Zero K
- Cover of first edition
- Author: Don DeLillo
- Audio read by: Thomas Sadoski
- Cover artist: Jasper James (photo) Jaya Miceli (design)
- Language: English
- Publisher: Scribner
- Publication date: May 3, 2016
- Publication place: United States
- Media type: Print (Hardcover)
- Pages: 288
- ISBN: 978-1-5011-3539-2
- OCLC: 1090921903
- Dewey Decimal: 813/.54
- LC Class: PS3554.E4425 Z35 2016
- Preceded by: Point Omega
- Followed by: The Silence

= Zero K (novel) =

2016 novel by Don DeLillo

Zero K is a 2016 novel by American author Don DeLillo.

==Plot summary==
The novel concerns a billionaire, Ross Lockhart, who is inspired by the terminal illness of his wife Artis to seek immortality for both of them through cryopreservation.

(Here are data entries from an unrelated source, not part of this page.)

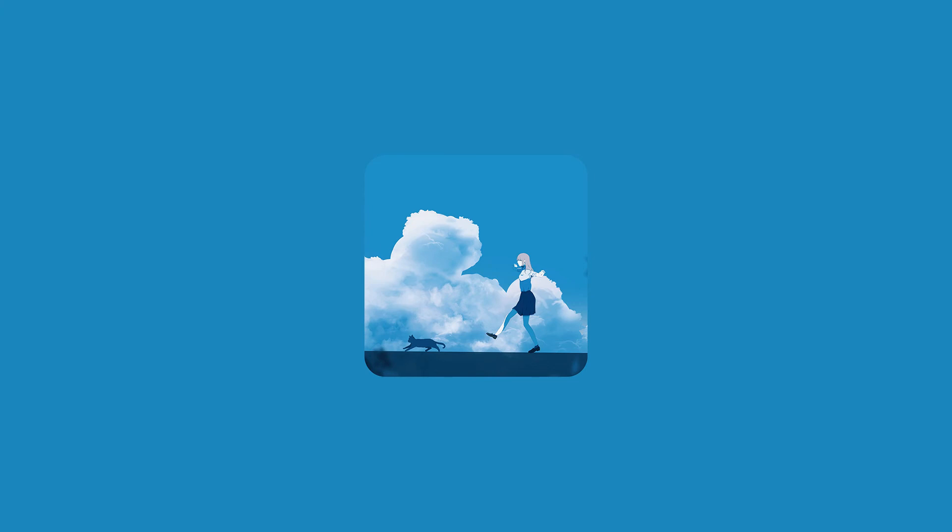Sometimes I wish that I could freeze the picture and save it from the funny tricks of time. Slipping through my fingers.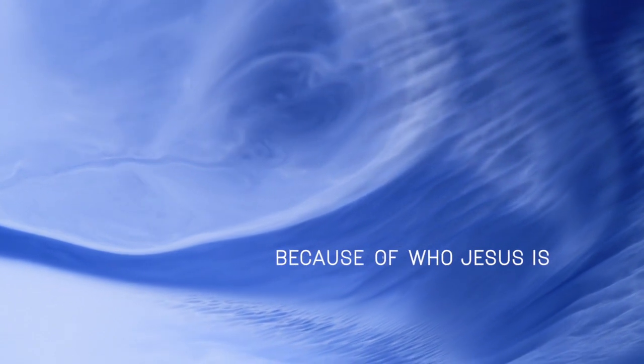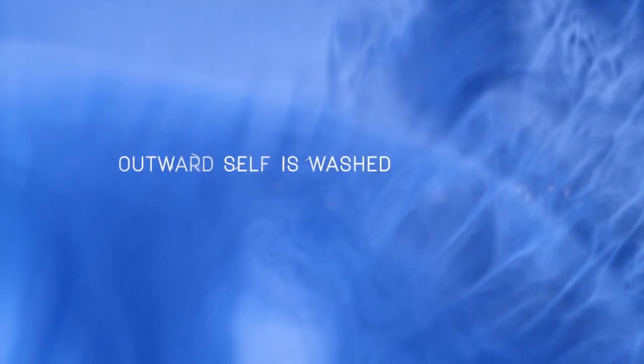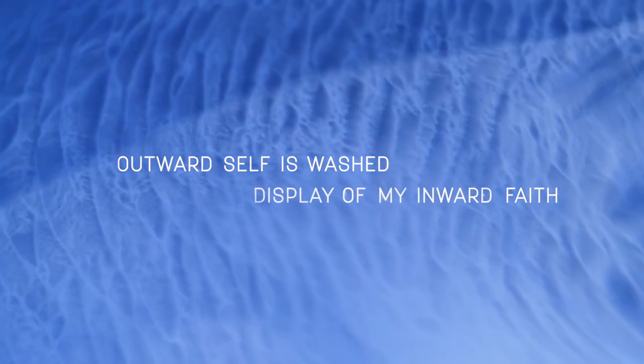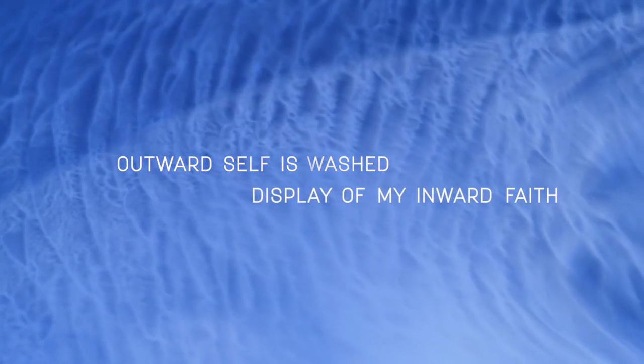Because of who Jesus is and what he's done for me, I choose to follow him. My outward self is washed as a display of my inward faith. I eagerly give him my obedience, declaring this gift to the world.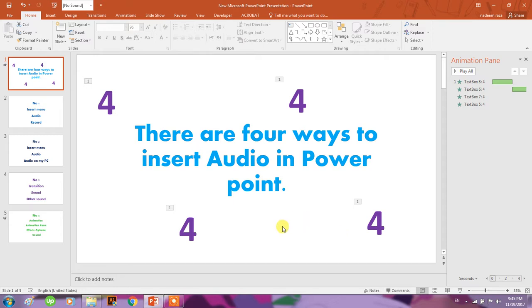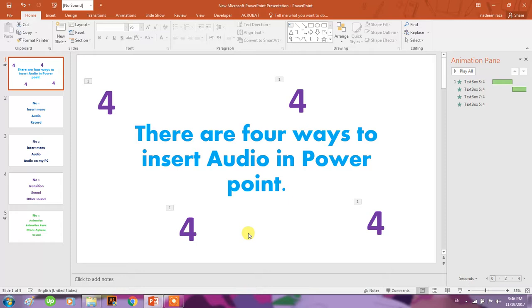I am back with another tutorial. This is related to PowerPoint. I will tell you today the four ways how to insert audio within PowerPoint. I am making this tutorial in PowerPoint 2016, but I don't know if these are available in previous versions or not. Here I start with number one.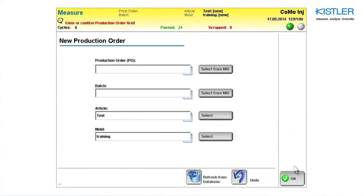An overview appears in which you can start a new production order. Here you can define a production order and batch number.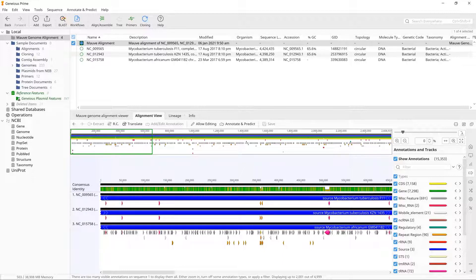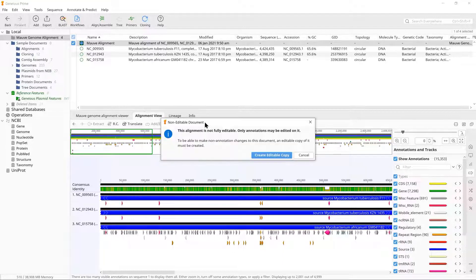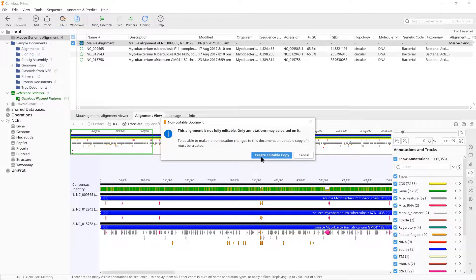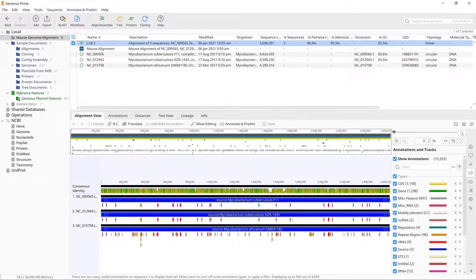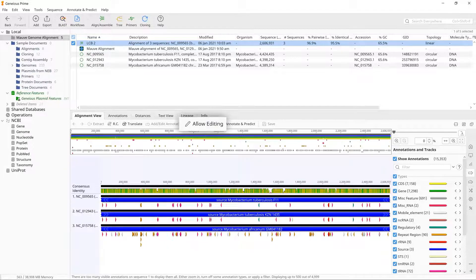However, only annotations can be edited in this viewer, not the sequence itself. If you wish to edit the sequence, you must create an editable copy, which will be a standard Genius alignment document. You will be prompted to do this if you click Allow Editing.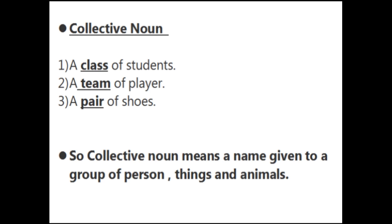Now collective noun. In the first sentence, the word class is highlighted — they are not given a particular name of student, so class shows a group. Second sentence: a team of players. Team means they show a group — bahut saare players hain. Then: a pair of shoes. Pair shows a group — jodi hai shoes ki. So collective noun means a name given to a group of persons, things and animals. Koi bhi group ko jo naam diya jata hai use collective noun bolate hain.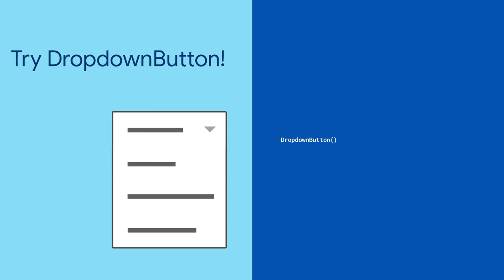Need to provide users with a way to select a value from a list of options? Try DropdownButton.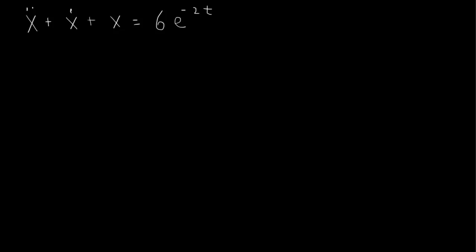Let's consider x double dot plus x dot plus x equals 6e to the minus 2t. We're looking for a particular solution when the right hand side is an exponential function.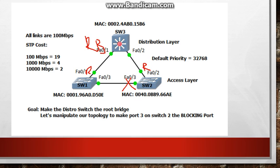So I hope this gives you a better understanding of STP and how you can manipulate STP with the bridge IDs. So I hope this was informative for you and I'd like to thank you for viewing.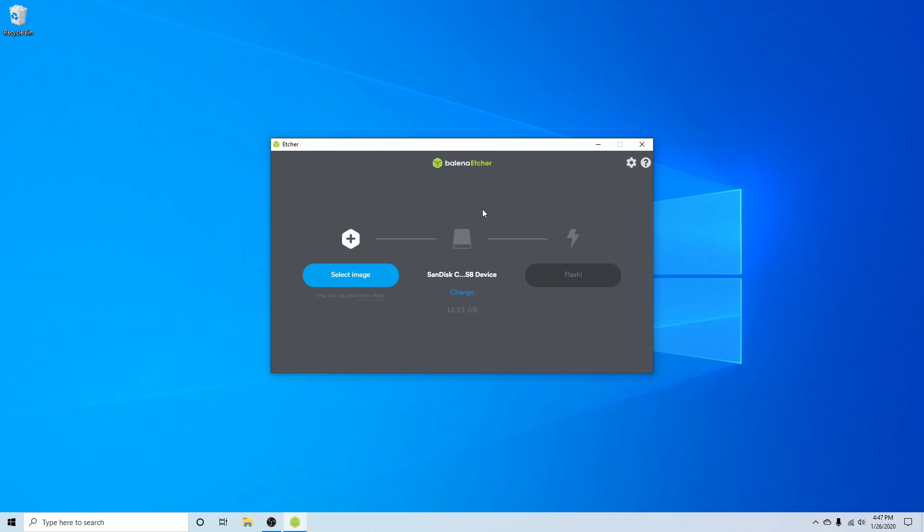Balena Etcher is an easy to use application available for Windows, Mac and Linux. I'll go ahead and put a link in the description below if you want to download the application. You can also use any other application that can create a bootable disk such as Rufus or UNetbootin.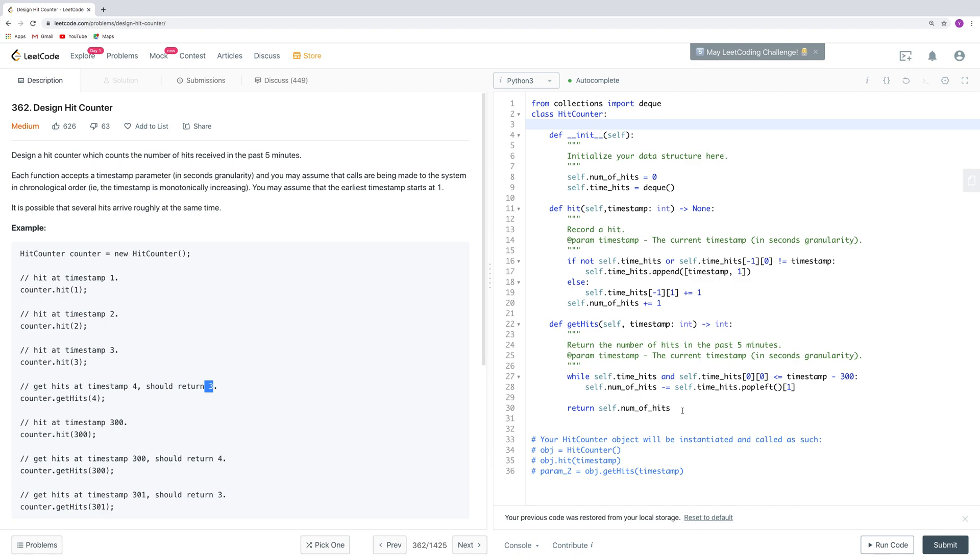After we do this manipulation, we can return the number of hits, which is the global variable we maintain. This question mainly uses this queue data structure.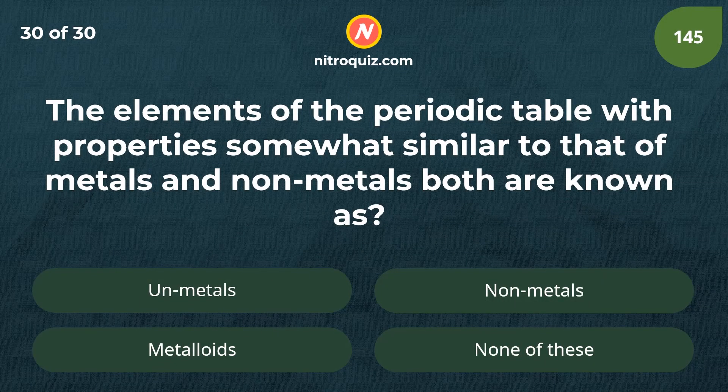The elements of the periodic table with properties somewhat similar to that of metals and non-metals both are known as?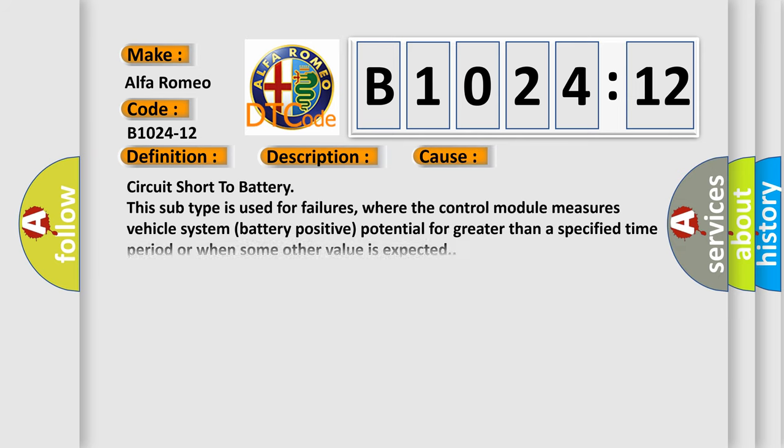This diagnostic error occurs most often in these cases: Circuit short to battery. This subtype is used for failures where the control module measures vehicle system battery positive potential for greater than a specified time period or when some other value is expected.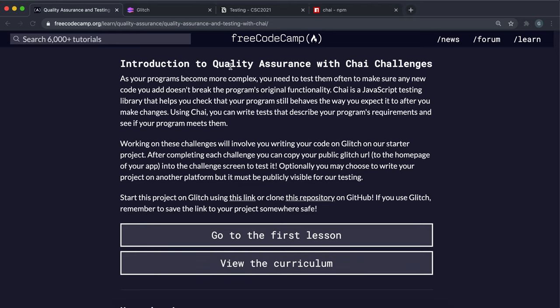Hi and welcome to the Quality Assurance and Testing with Chai course. Now we're going to be looking at ways that we can test that our programs and functions behave in a specific way.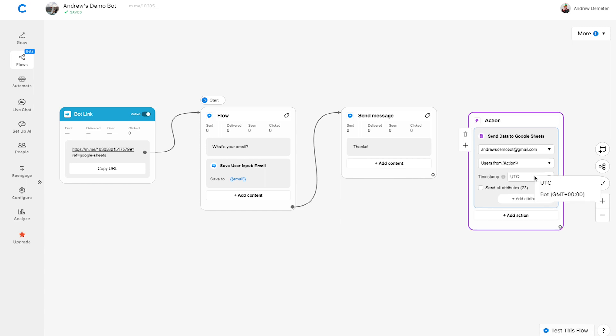For the timestamp, I'm going to choose Bot. If needed, you can change your timezone setting in the Configure tab.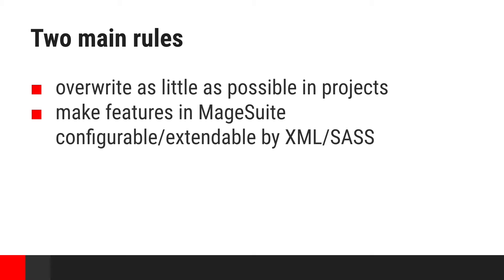There are two main rules we follow during development of new features and projects. First, override templates only when it's absolutely necessary. Second, implement features that can be customized either using XML files and merging mechanisms provided by Magento, or by SAS variables when it comes to styling. For the rest of this presentation, I will show how features are implemented according to those rules.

The novel is narrated by Ross' son Jeffrey. DeLillo has described Zero K as 'a leap out of the bare-skinned narratives of Point Omega and The Body Artist.'

==Reception==
James Lasdun of The Guardian wrote, "This being DeLillo, it goes without saying that there’s a much higher quotient of beautiful sentences and arresting observations than you'd find in most other living writers", and drew particular focus to a taxi ride in New York City, "a virtuoso passage that effortlessly braids observations on money, global politics, traffic patterns, family relations, airport security rituals and the unstoppable torrent of information...in its flow, is as good as any of the great Arthur Avenue passages in Underworld.

Alex Preston of The Observer went further, calling the book "beautiful and profound, certainly DeLillo's best since Underworld.

Joshua Ferris of The New York Times was effusive in his praise, declaring, "sentence by sentence, DeLillo magically slips the knot of criticism and gives his readers what Nabokov maintained was all that mattered in life and art: individual genius. Sentence by sentence, DeLillo seduces." He continued: "as in the best of DeLillo's previous novels, down to the pleasures of the final page. The scene takes place in New York, with Jeff on a crosstown bus. It ends the book powerfully. I finished it stunned and grateful. DeLillo has written a handful of the past half-century's finest novels. Now, as he approaches 80, he gives us one more, written distinctly for the 21st."

Zero K was also reviewed by Sam Sacks for The Wall Street Journal, Michiko Kakutani for The New York Times, Nathaniel Rich for The New York Review of Books, Carolyn Kellogg for the Los Angeles Times, Meghan Daum of The Atlantic and Arin Keeble of The Independent.

==Audiobook==
The audiobook is read by Thomas Sadoski.

==Television adaptation==
In March 2017, film-maker Charlie McDowell announced he was adapting Zero K as a limited series for FX with Noah Hawley and Scott Rudin producing.